Pada tahun 2010, peneliti Universitas New Mexico melakukan studi dengan 400 siswa, yang dibagi berdasarkan jenis kelamin. Mereka diuji untuk kecerdasan verbal, penalaran abstrak, dan kemampuan mereka untuk menghasilkan humor. Hasilnya, skor tinggi pada tes kecerdasan berkorelasi dengan kemampuan mengenali pola dan menghasilkan humor.
Sebuah studi neuropsikologis menemukan bahwa emosi positif, seperti kegembiraan, kesenangan, dan kebahagiaan, meningkatkan produksi dopamin di otak. Dopamin tidak hanya menimbulkan semangat, namun juga membuka pusat pembelajaran pada otak, dengan koneksi saraf yang lebih banyak. Sehingga, manusia mampu menjadi lebih fleksibel, kreatif, dan lebih baik dalam menyelesaikan masalah.
Para peneliti di Austria juga menemukan bahwa seseorang yang memiliki selera humor, terutama dark humour, memiliki IQ lebih tinggi daripada rekan-rekan mereka yang kurang lucu. Para periset berpandangan bahwa dibutuhkan kemampuan kognitif dan emosional untuk memproses dan menghasilkan humor. Analisa mereka menunjukkan bahwa orang-orang humoris memiliki kecerdasan verbal dan nonverbal yang lebih tinggi, meningkatkan persepsi kepercayaan diri, dan tingkat gangguan mood dan agresivitas yang lebih rendah.
Tidak hanya pintar membuat orang lain tertawa, orang-orang humoris juga mampu menertawakan diri mereka sendiri. Elizabeth Krumrei-Mancuso menjelaskan bahwa keberanian mengakui ketidaktahuan mencerminkan kecerdasan pada diri seseorang. Bersama timnya ia menemukan model intellectual humility (IH), yang berkaitan dengan kemampuan seseorang yang memiliki wawasan dan kejujuran untuk mengakui ketidaktahuan tentang suatu pengetahuan atau pengalaman dari suatu masalah. IH mencerminkan perilaku yang dapat mengarahkan orang untuk belajar lebih banyak, khususnya terkait pemikiran reflektif, keingintahuan intelektual, dan keterbukaan.
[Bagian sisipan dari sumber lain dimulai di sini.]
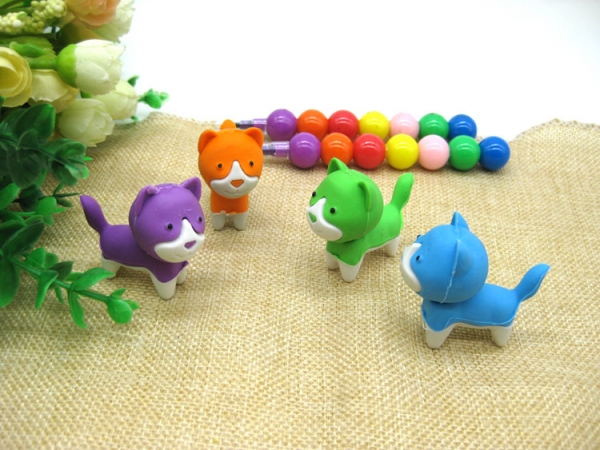 Cute Puppy Dog Animals Pets Puzzle Erasers Novelty Fun Kids Rubbers Party Gift Bag Fillers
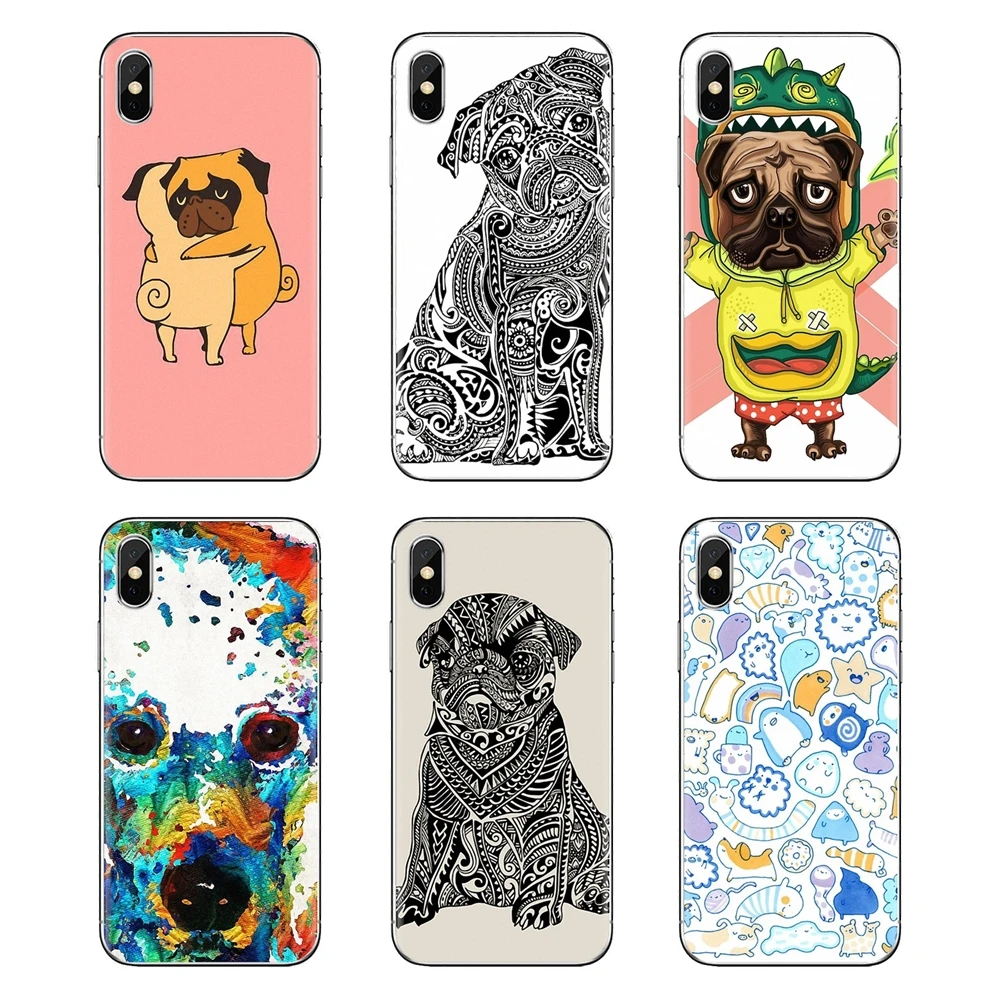 

Colorful Poodle Dog Art Transparent Soft Cases Covers For Xiaomi Redmi 4A S2 Note 3 3S 4 4X 5 Plus 6 7 6A Pro Pocophone F1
Hal ini dapat diartikan bahwa orang yang rendah hati secara intelektual mampu bekerja lebih baik dengan orang lain. Sehingga tidak mengherankan bahwa seseorang yang mampu menghasilkan dan menafsirkan humor secara baik kerap menjadi sosok yang populer dan disukai banyak orang.
Sebuah jurnal terkait Psikologi Evolusi yang dipublikasikan tahun 2008 menempatkan humor sebagai indikator kebugaran mental. Berdasarkan teori Miller dinyatakan bahwa humor yang disengaja berevolusi menjadi sebuah indikator kecerdasan. Hasil penelitian ternyata mendukung teori ini. Sang peneliti memaparkan, “Kemampuan memproduksi humor yang efektif menunjukkan indikator yang jujur terhadap kecerdasan manusia.”
Pada 2012, Greengross, Miller & Martin mengukur kecerdasan mahasiswa dan stand-upkomedian. Sebanyak 31 komedian dan 400 mahasiswa diuji terhadap produksi humor dan kecerdasan verbal. Hasilnya, para komedian mendapat skor lebih tinggi daripada para mahasiswa, tidak hanya pada produksi humor tetapi juga pada kecerdasan verbal. Hasil riset tersebut membuktikan bahwa kecerdasan menghasilkan selera humor yang lebih berkelas.
Adapun hal paling menguntungkan dari kecerdasan humor manusia di era modernisasi adalah terdapatnya fakta saintifik yang menyatakan bahwa kecerdasan buatan sekalipun — JAPE (the Joke Analysis and Production Engine), STANDUP (the System To Augment Non-Speakers’ Dialogue Using Puns), LIBJOB (the Light Bulb Joke Generator), SASI (a sarcasm-detecting program), dan DEviaNT — mengalami kesulitan memproduksi humor yang bagus.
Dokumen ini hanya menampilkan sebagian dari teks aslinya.